(AVAILABLE RECORDS)

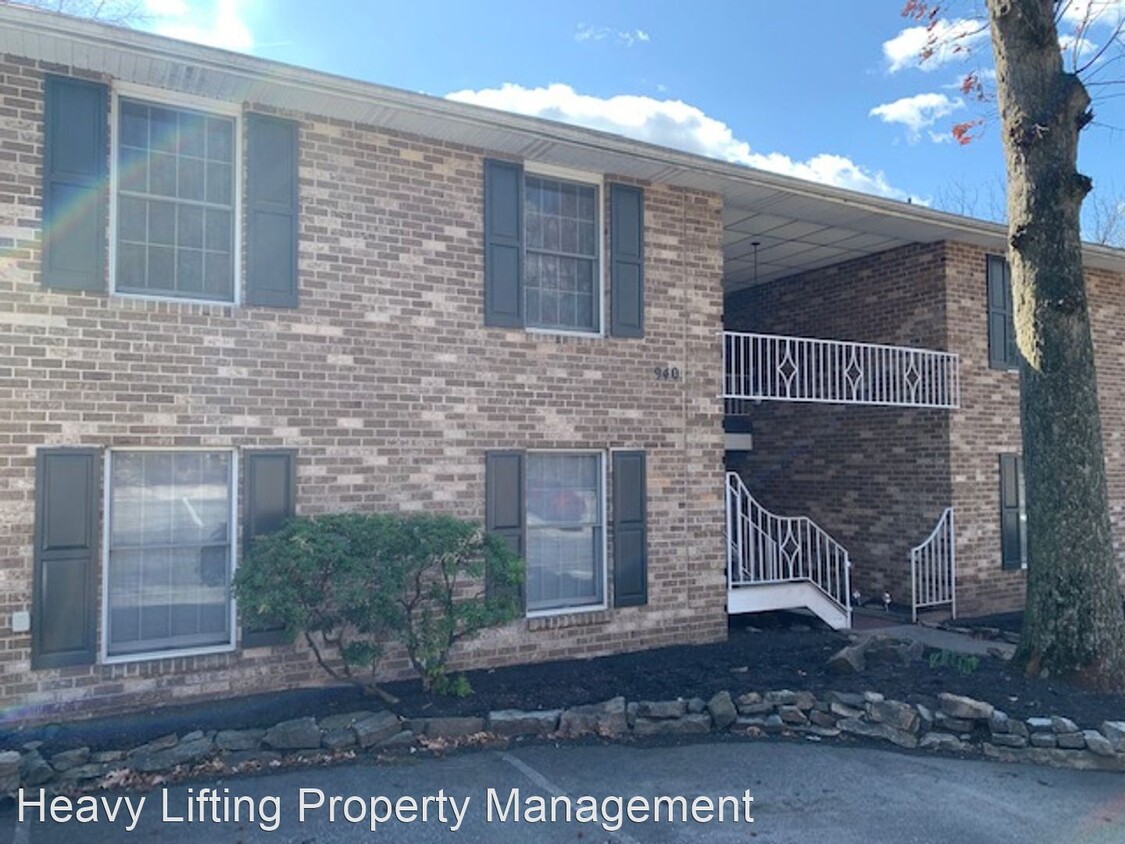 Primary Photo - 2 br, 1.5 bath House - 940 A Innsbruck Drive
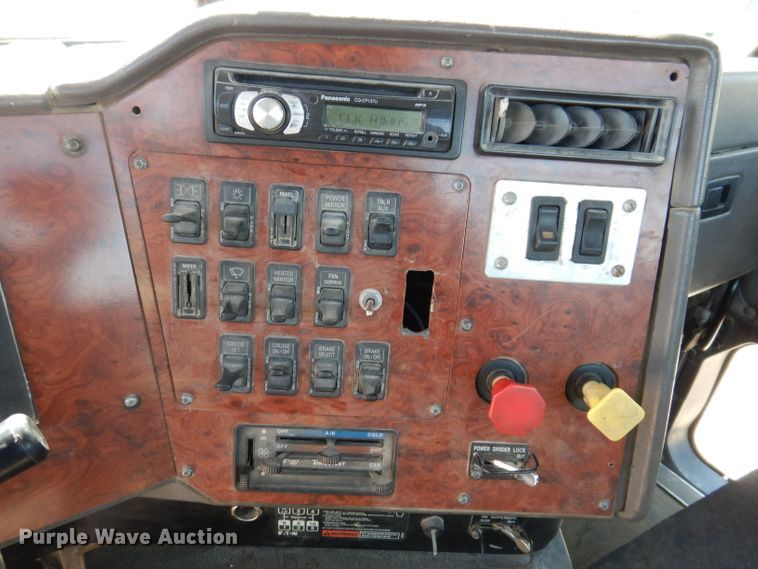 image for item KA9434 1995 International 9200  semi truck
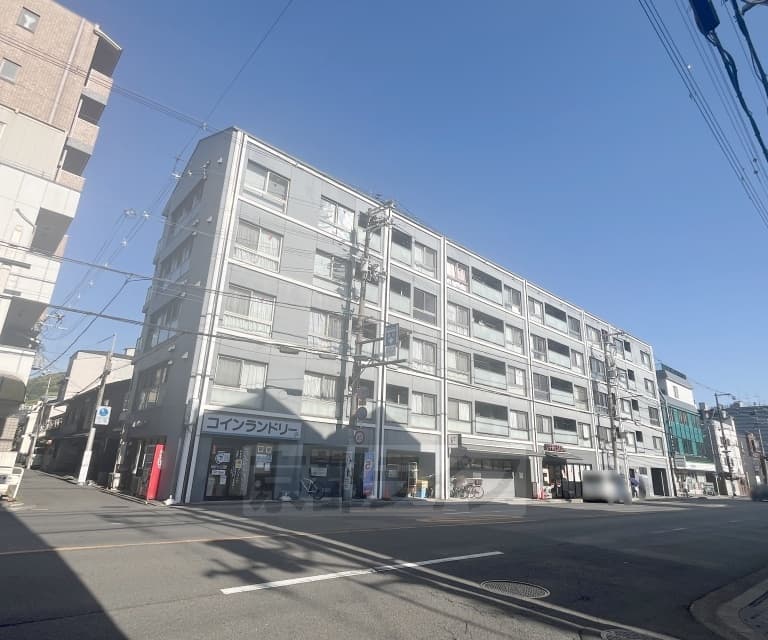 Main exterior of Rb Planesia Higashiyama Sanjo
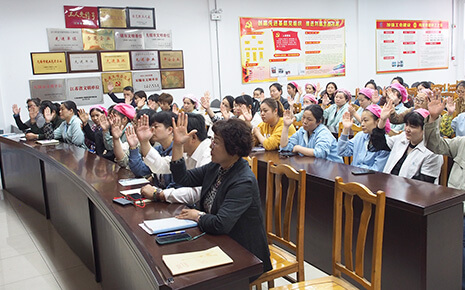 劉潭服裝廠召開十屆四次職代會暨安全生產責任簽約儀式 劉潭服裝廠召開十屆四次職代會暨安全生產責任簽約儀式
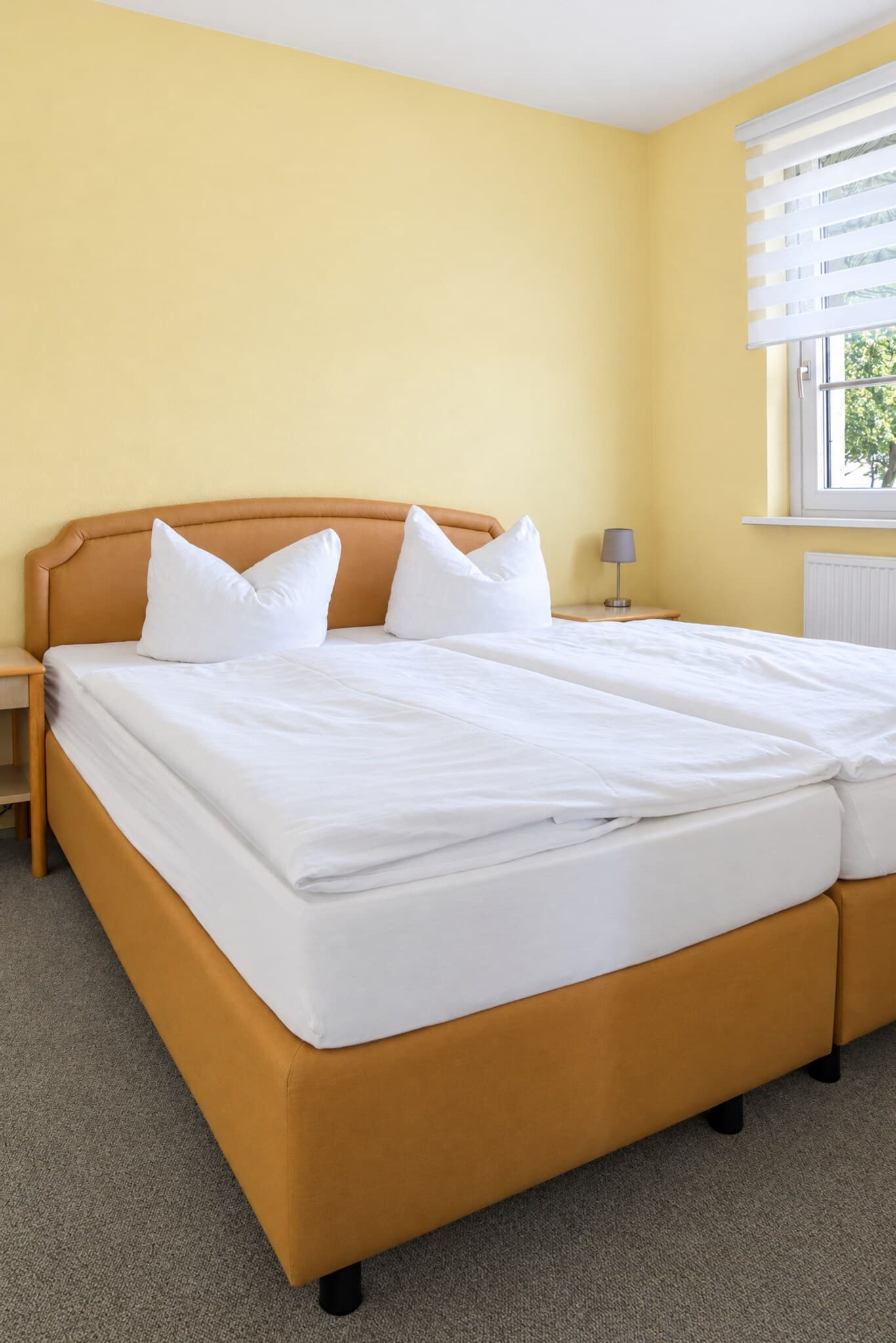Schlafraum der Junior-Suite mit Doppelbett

(End AVAILABLE RECORDS)

• _EXERCISE DETAILS_: Word for word, please reproduce each entry above and leave out every picture.

• _ANSWER TO THE PROBLEM_:
 Primary Photo - 2 br, 1.5 bath House - 940 A Innsbruck Drive
 image for item KA9434 1995 International 9200  semi truck
 Main exterior of Rb Planesia Higashiyama Sanjo
 劉潭服裝廠召開十屆四次職代會暨安全生產責任簽約儀式 劉潭服裝廠召開十屆四次職代會暨安全生產責任簽約儀式
Schlafraum der Junior-Suite mit Doppelbett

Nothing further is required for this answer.